Tax Steering Committee

A Tax Steering Committee is a specialised governance group within an organisation responsible for overseeing and guiding the company’s tax strategy and operations. It typically includes senior executives such as the Chief Financial Officer (CFO), Head of Tax, General Counsel, and external tax advisors or auditors. In multinational corporations (MNCs), this committee becomes particularly crucial, given the complex tax environment spanning multiple jurisdictions and regulatory frameworks.

The Tax Steering Committee serves as a strategic and operational hub for all tax-related matters. Its primary role is to ensure that the organisation’s tax activities align with its overall business strategy and financial objectives while also adhering to global and local tax laws. This committee develops, reviews, and approves tax policies, evaluates tax risks, and ensures compliance across jurisdictions. Furthermore, it functions as a strategic partner to other departments, such as finance, operations, and legal, to provide tax input on significant business decisions.

The responsibilities of a Tax Steering Committee are multifaceted and often include:

  • Strategic Tax Planning: Developing forward-looking tax strategies to optimise the organisation’s tax position. This may involve planning for mergers, acquisitions, restructurings, or capital investments in a tax-efficient manner.
  • Risk Management: Assessing and mitigating tax risks, including those arising from new legislation, tax audits, or aggressive tax positions. The committee is tasked with ensuring the company’s risk appetite is consistent with its tax strategy.
  • Transfer Pricing Management: Given the heightened scrutiny on intercompany transactions, the committee ensures that the company’s transfer pricing policies are robust, compliant, and well-documented. This involves overseeing the preparation of transfer pricing documentation and engaging with tax authorities as needed.
  • Compliance and Reporting Oversight: Monitoring the organisation’s adherence to tax compliance obligations, both locally and internationally. This involves regular reviews of tax filings, ensuring the accuracy of financial statements concerning tax provisions, and managing tax reporting under International Financial Reporting Standards (IFRS) or Generally Accepted Accounting Principles (GAAP).
  • Engagement with Tax Authorities: Acting as the liaison between the organisation and tax authorities, especially during audits or investigations.
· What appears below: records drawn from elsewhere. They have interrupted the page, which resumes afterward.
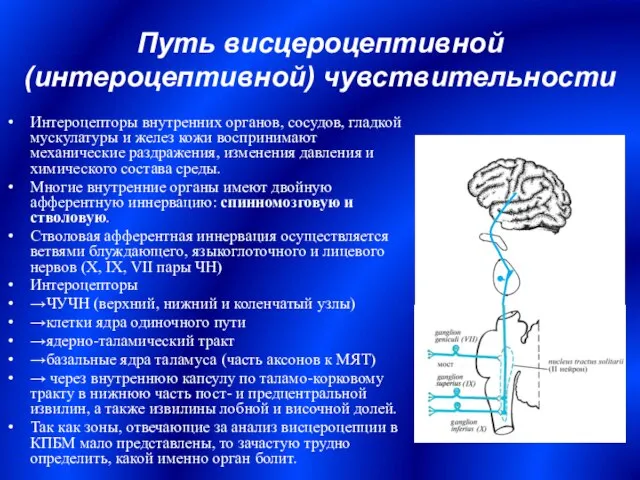 Путь висцероцептивной (интероцептивной) чувствительности Интероцепторы внутренних органов, сосудов, гладкой мускулатуры и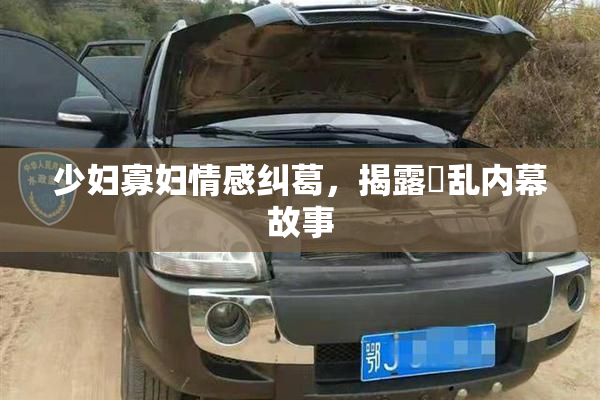 少妇寡妇情感纠葛，揭露婬乱内幕故事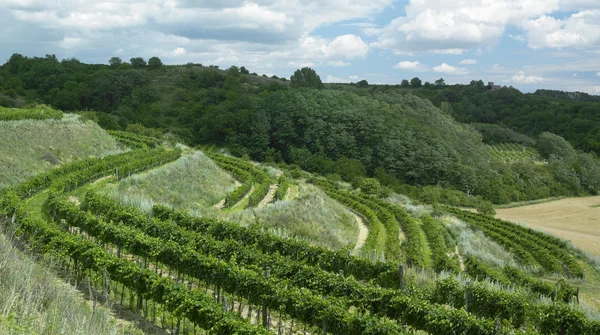 stock image Vineyards, Czech Republic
The committee formulates strategies for audits, manages information requests, and negotiates with tax authorities to resolve disputes.
  • Policy Development: Creating a framework for tax policy that addresses emerging tax trends and legislative changes, ensuring the company is compliant and prepared for future challenges.
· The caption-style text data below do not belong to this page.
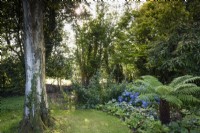 Parterre ombragé avec fougère arborescente, hortensia et brunneras à Highfield Farm en août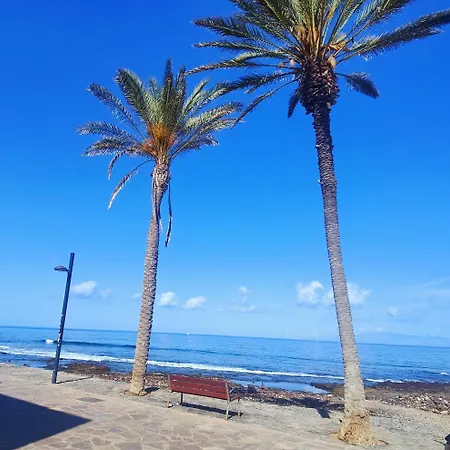 Sarah Parque Santiago I * Playa de las Americas (Tenerife)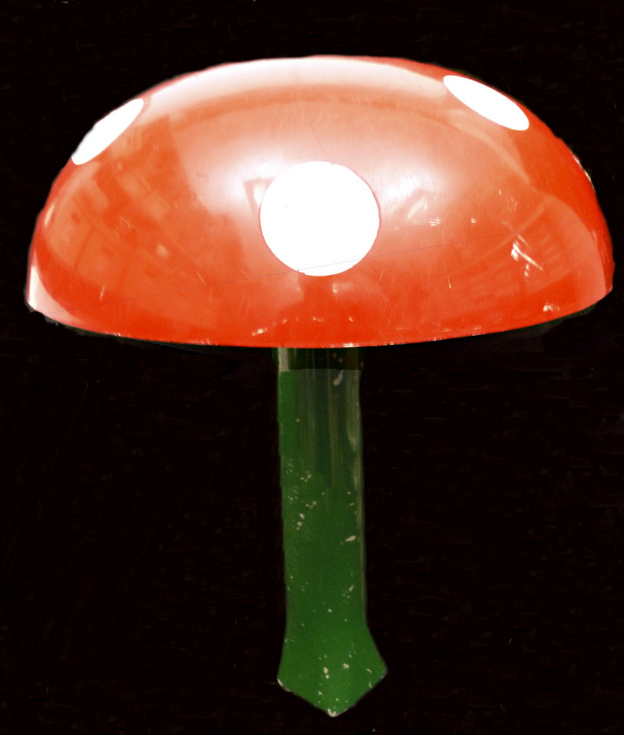Dornoch Brownies toadstool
We have created a detailed eBOOK on how to set up a successful Tax Steering Committee. 

Download it here FREE:

Driving Tax Compliance: The Essential Role of the Tax Steering Committee.


Practical Examples of a Tax Steering Committee in Action

Example 1: Managing a Complex Cross-Border Merger

Imagine a multinational corporation headquartered in the United Kingdom that is planning to acquire a manufacturing firm based in Germany. The acquisition involves complex cross-border tax implications, such as withholding taxes, capital gains taxes, and the integration of the target company’s existing tax liabilities into the acquirer’s structure. The Tax Steering Committee plays a pivotal role in this scenario by conducting a comprehensive tax due diligence process. They assess the tax risks, devise strategies to mitigate exposure, and structure the deal to achieve optimal tax efficiency. For instance, they may recommend using a holding company in a jurisdiction with favourable tax treaties or consider the impact of the EU Anti-Tax Avoidance Directive (ATAD). By meticulously planning, the committee ensures the transaction proceeds smoothly without unexpected tax liabilities, providing long-term financial benefits to the company.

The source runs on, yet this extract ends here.